"I wanna learn how to play
and sing like Elton John,"
said a 12 year old Nano to his piano teacher.
Sprawled out on sleeping bags with his brothers on “camp out” nights, Nano first fell in love with music listening to his mom play Joan Baez and Peter, Paul and Mary on her Martin guitar. Those early years in Philadelphia with simple and haunting folk melodies primed Nano’s disposition to create. Singing with the Philadelphia Boys’ Choir cemented the need. Captivated by harmonies, Nano was inspired to get back on the piano and start writing his own songs.

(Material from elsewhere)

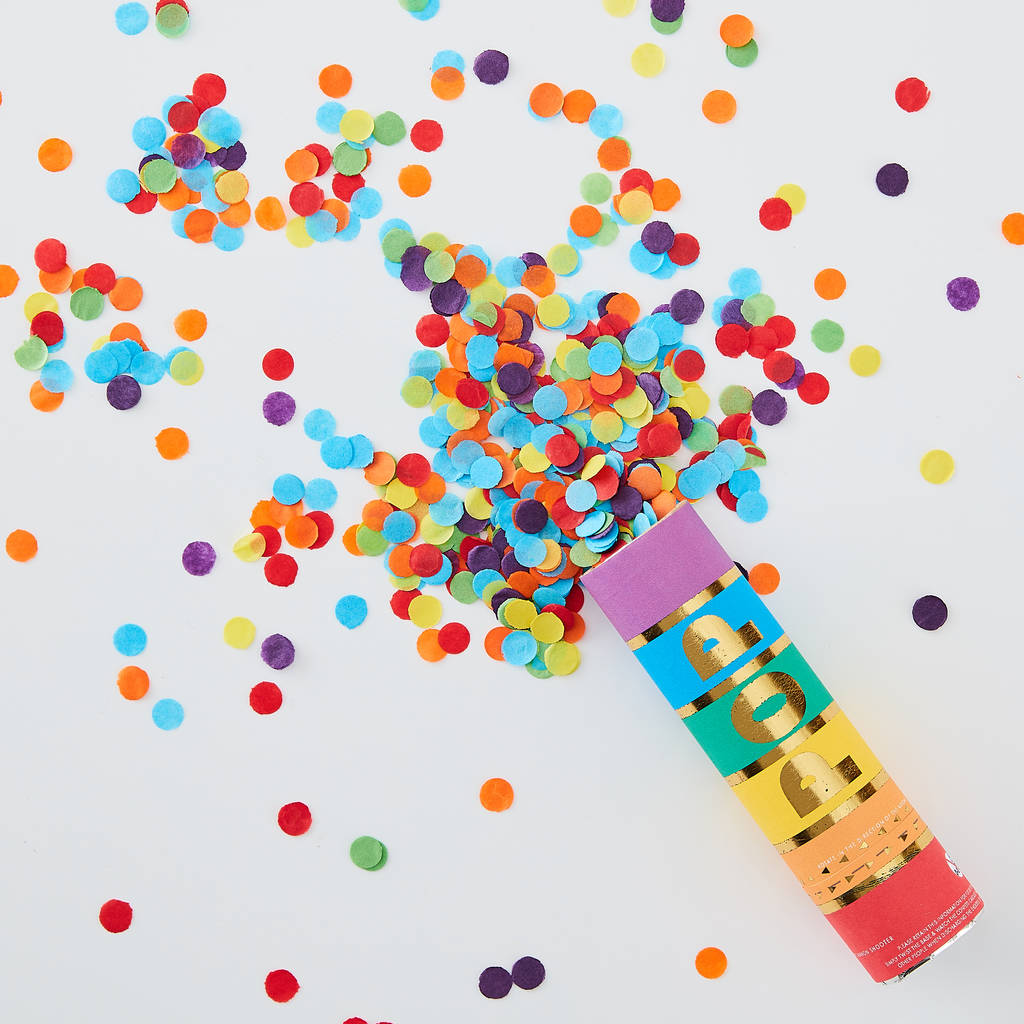 Biodegradable Rainbow Confetti Party Cannon Popper, 1 of 3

While one of just a handful of music majors at Harvard, Nano had his heart set on composing a rock opera for his thesis. Not quite sure what to do with him, the department “suggested” he cross the river to write his thesis at Berklee, a school known for its emphasis on more contemporary music. At Berkelee, Nano found the home he needed to realize his dream. Trained in the classics but schooled on classic rock, Nano’s songs are structured with originality and delivered with raw emotion.

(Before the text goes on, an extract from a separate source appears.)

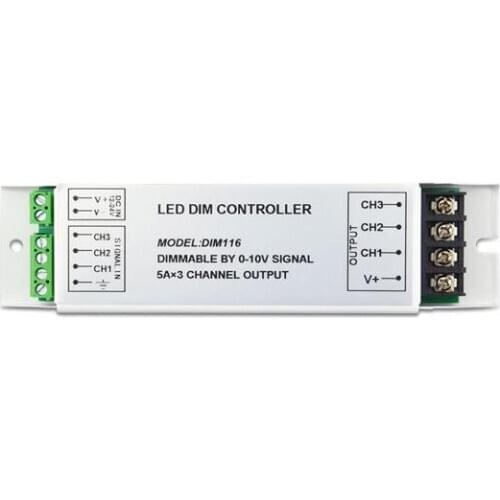 DIM116 0-10V / 1-10V LED Dimmer Series , 12V-24VDC 5A x 3 channel 0-10V Singal LED Driver DIM116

Nano moved to Austin in 2004, gaining attention first as a solo artist, but now happily collaborating with many of the talented musicians in that city (including former Spoon-bassist Joshua Zarbo and renowned jazz singer Kat Edmondson). Nano’s song “Break It On Your Own Time” was recently chosen as the Song of the Day on Austin’s NPR station, KUT and his shows have been highlighted by hometown favorite e-zine, The Austinist.
His songs are honest, heartfelt stories of family ties and tensions, of loves found and lost. Nano is a piano- playing story teller, sometimes migrating to the guitar to better serve the song. But it is his vocals – sometimes soaring, sometimes intimate, always inviting and warm – that truly drive the music he so loves to make.